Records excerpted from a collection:
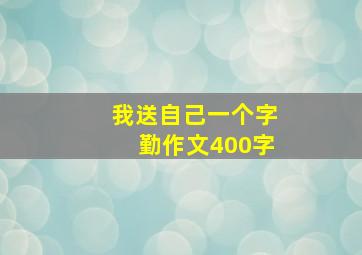 我送自己一个字勤作文400字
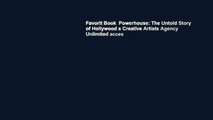 Favorit Book  Powerhouse: The Untold Story of Hollywood s Creative Artists Agency Unlimited acces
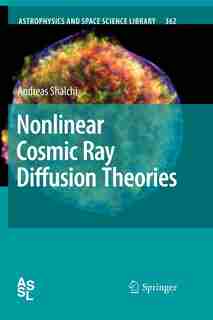 Nonlinear Cosmic Ray Diffusion Theories by Andreas Shalchi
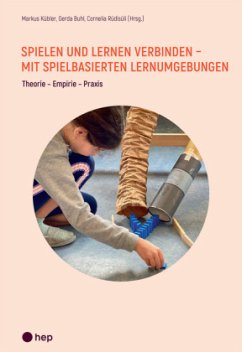 Spielen und Lernen verbinden - mit spielbasierten Lernumgebungen - Kübler, Markus;Rüdisüli, Cornelia;Buhl, Gerda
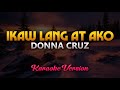 Ikaw Lang at Ako - Donna Cruz (Karaoke)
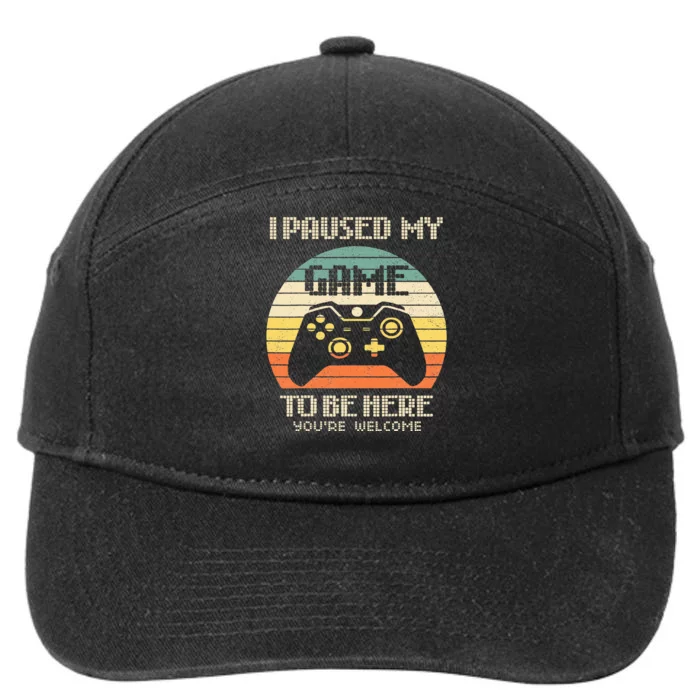 I Paused My Game To Be Here You're Welcome Retro Gamer Gift 7-Panel Snapback Hat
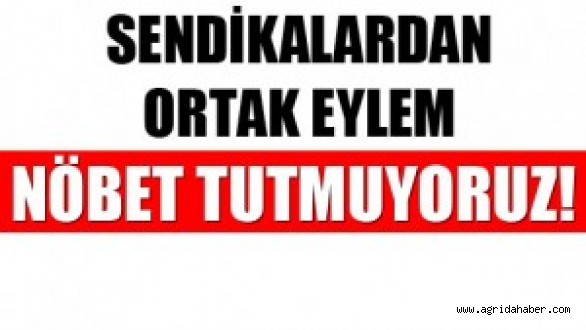 Sendikalar Nöbet Eyleminde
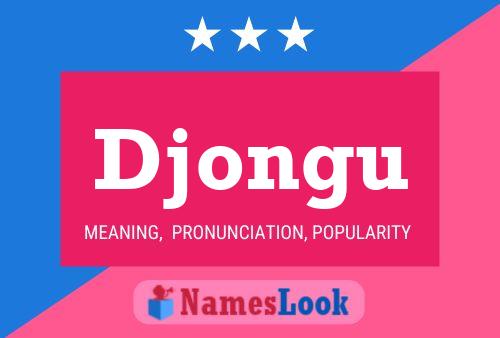 Djongu Name Poster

## Exercise details:
Please repeat, with no pictures, each line from the start of the records above through the line with "Sendikalar Nöbet Eyleminde", inclusive, and only those.

## Exercise solution:
 我送自己一个字勤作文400字
 Favorit Book  Powerhouse: The Untold Story of Hollywood s Creative Artists Agency Unlimited acces
 Nonlinear Cosmic Ray Diffusion Theories by Andreas Shalchi
 Spielen und Lernen verbinden - mit spielbasierten Lernumgebungen - Kübler, Markus;Rüdisüli, Cornelia;Buhl, Gerda
 Ikaw Lang at Ako - Donna Cruz (Karaoke)
 I Paused My Game To Be Here You're Welcome Retro Gamer Gift 7-Panel Snapback Hat
 Sendikalar Nöbet Eyleminde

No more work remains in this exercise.